Open chrisgarrity opened 7 years ago

chrisgarrity commented 7 years ago

Unicode quotes should not be escaped in the JSON. Unfortunately it is easy for translators insert regular quotes that do need to be escaped into the translation, For this reason we should avoid using unicode quotes.

Sheshank-s commented 6 years ago

Is this still an issue? If so I can make a pull request..

thisandagain commented 6 years ago

@chrisgarrity ^^

chrisgarrity commented 6 years ago

@GreenBayRules yes, this looks like it's still an issue.

Sheshank-s commented 6 years ago

Okay, I'll get t o work on it right now :D

Sheshank-s commented 6 years ago

PR: #1683 :D

chrisgarrity commented 6 years ago

@GreenBayRules description is updated to reflect how we've decided to deal with unicode quotes

Sheshank-s commented 6 years ago

Okay thanks, I'll submit a pr in a wihile.

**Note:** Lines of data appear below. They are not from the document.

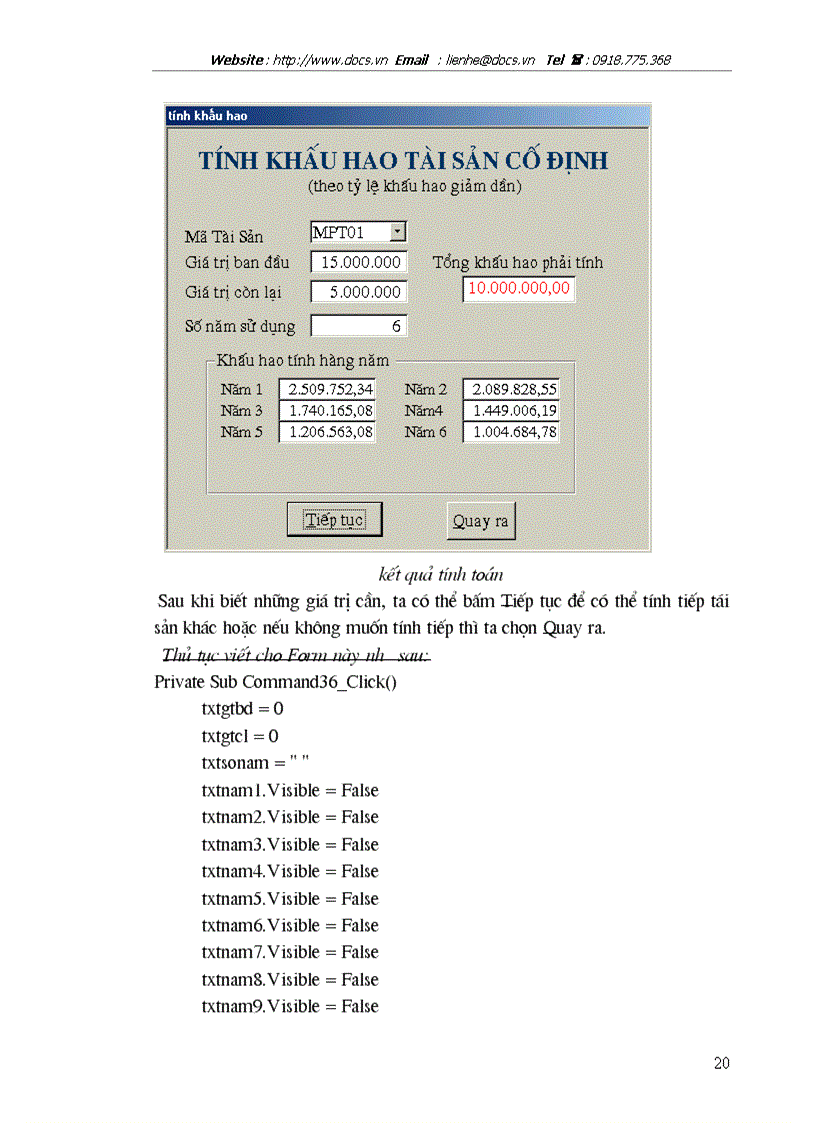 image for page Một phần mềm tính toán khấu hao và hiệu quả của đồng vốn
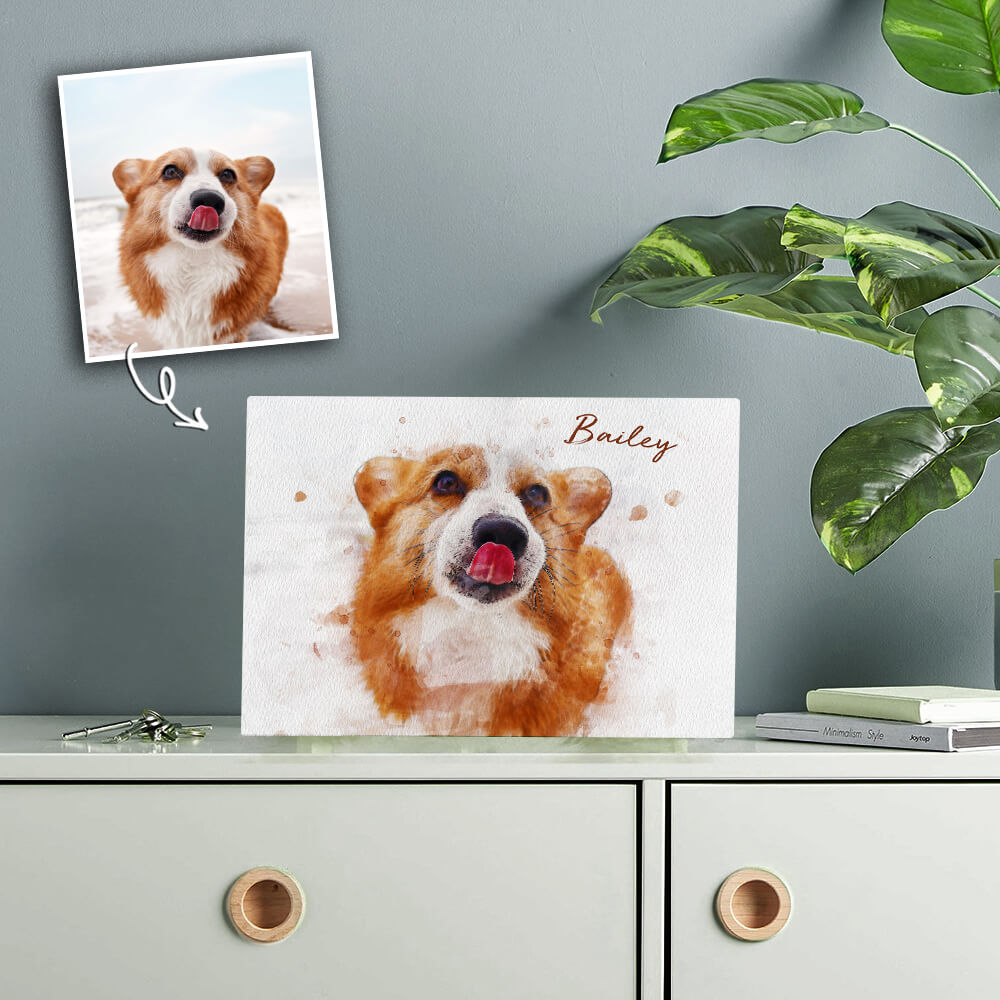 Custom Pet Art Water Color Photo Desktop Plaque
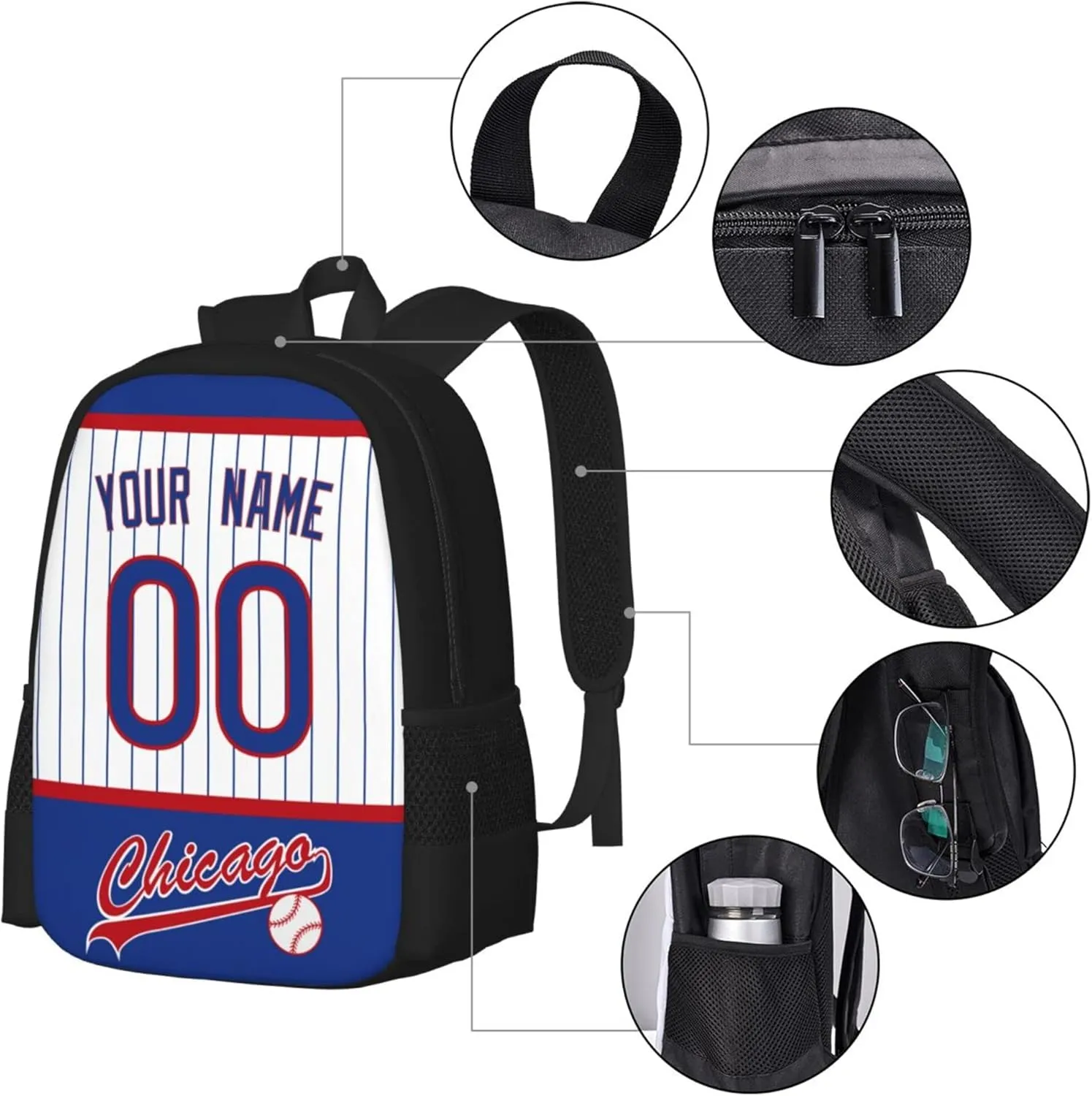 ANTKING Chicago Backpack High capacity Custom Any Name and Any Number Gifts for Kids Men Fans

LiFaytheGoblin commented 6 years ago

So we want this: \" instead of any unicode quotes like or ?

chrisgarrity commented 6 years ago

@LiFaytheGoblin in our source files l10n.json we should only use \".

Technically, the unicode curly quotes are perfectly fine in json, so if a translator wants to use them, it still works.

The problem is that it's very easy not to notice that the quotes are the special unicode quotes, so if someone later replaces them with normal double quotes without adding the escape backslash it causes syntax errors in the json file for that language. Any syntax error causes the whole file to get rejected, so all translations for that language are rejected.